**Task data:**
----

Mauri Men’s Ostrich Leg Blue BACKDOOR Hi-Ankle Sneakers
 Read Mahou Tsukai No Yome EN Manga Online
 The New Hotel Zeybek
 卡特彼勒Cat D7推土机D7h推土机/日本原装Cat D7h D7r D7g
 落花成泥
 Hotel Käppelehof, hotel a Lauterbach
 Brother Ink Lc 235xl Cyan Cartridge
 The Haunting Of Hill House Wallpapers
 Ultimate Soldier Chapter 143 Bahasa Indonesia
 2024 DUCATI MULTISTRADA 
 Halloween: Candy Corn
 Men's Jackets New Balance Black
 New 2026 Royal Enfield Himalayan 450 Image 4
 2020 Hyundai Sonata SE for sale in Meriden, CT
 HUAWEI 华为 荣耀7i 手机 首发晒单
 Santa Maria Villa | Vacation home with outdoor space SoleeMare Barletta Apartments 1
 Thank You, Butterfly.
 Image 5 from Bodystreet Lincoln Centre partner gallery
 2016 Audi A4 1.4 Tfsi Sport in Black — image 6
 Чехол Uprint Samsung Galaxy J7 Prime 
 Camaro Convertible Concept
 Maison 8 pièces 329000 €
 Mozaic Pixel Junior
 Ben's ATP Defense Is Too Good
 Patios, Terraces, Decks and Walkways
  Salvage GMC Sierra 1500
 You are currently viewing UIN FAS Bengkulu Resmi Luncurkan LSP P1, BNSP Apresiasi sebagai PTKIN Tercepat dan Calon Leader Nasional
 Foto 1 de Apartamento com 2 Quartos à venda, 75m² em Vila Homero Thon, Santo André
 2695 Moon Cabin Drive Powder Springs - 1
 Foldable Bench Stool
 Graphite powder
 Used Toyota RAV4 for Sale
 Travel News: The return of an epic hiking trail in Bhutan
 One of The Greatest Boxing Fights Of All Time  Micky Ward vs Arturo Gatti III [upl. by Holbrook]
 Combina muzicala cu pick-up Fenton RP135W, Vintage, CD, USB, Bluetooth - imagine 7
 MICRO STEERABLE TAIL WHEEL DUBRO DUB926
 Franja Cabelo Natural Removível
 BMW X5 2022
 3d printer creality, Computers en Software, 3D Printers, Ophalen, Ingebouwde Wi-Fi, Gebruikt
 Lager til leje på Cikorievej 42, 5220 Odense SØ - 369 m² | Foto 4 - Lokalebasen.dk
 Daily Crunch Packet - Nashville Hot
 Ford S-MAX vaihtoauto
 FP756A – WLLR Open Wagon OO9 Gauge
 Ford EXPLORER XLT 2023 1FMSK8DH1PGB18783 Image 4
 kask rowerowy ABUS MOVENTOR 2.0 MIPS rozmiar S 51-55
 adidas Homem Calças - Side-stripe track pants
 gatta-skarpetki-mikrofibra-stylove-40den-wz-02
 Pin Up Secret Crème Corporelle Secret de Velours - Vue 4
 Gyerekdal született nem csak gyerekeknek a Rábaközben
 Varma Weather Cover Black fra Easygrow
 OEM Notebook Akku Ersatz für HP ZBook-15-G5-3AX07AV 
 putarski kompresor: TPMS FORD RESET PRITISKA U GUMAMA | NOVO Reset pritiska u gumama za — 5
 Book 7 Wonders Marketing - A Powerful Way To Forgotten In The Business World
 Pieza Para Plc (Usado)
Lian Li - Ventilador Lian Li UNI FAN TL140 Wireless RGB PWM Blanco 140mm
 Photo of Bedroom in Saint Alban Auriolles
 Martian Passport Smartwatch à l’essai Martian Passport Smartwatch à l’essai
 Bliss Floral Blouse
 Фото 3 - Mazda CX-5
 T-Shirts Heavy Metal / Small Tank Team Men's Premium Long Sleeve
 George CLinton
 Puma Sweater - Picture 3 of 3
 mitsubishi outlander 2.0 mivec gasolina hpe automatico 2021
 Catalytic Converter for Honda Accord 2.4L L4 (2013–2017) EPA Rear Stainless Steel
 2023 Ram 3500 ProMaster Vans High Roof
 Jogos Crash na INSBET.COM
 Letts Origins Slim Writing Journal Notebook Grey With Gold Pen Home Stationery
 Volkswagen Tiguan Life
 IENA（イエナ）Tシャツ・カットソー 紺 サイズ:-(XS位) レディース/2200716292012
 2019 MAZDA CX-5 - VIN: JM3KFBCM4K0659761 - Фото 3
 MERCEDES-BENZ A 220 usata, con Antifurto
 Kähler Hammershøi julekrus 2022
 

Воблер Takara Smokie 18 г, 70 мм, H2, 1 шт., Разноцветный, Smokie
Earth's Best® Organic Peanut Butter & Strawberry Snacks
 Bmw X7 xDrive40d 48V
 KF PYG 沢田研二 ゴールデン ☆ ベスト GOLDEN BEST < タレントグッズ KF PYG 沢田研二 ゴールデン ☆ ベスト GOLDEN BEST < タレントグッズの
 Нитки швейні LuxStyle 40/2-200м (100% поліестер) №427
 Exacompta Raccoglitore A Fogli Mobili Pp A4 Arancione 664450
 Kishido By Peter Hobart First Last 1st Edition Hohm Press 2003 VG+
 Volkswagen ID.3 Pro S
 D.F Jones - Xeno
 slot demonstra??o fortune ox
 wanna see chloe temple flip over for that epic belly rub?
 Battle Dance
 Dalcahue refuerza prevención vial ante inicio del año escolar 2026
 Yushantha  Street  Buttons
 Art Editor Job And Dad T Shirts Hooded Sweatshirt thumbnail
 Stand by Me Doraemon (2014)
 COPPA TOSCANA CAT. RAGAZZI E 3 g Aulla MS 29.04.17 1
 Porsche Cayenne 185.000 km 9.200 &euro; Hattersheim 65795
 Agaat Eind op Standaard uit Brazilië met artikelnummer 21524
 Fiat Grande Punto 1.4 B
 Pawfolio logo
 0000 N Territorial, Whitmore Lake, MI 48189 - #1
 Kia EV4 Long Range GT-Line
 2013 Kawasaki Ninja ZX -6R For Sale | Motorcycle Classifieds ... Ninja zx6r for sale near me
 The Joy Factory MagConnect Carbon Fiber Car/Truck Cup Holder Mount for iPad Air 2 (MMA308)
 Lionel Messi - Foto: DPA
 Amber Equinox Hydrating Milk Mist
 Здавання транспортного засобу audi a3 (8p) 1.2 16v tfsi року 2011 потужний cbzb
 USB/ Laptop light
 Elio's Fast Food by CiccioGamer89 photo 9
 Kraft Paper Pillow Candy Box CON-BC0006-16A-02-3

----

**Your instructions:** Everything above from the line containing "Dalcahue refuerza prevención" down to the line containing "Porsche Cayenne 185.000" should be copied exactly, both end lines included, and nothing else.

**Output:**
 Dalcahue refuerza prevención vial ante inicio del año escolar 2026
 Yushantha  Street  Buttons
 Art Editor Job And Dad T Shirts Hooded Sweatshirt thumbnail
 Stand by Me Doraemon (2014)
 COPPA TOSCANA CAT. RAGAZZI E 3 g Aulla MS 29.04.17 1
 Porsche Cayenne 185.000 km 9.200 &euro; Hattersheim 65795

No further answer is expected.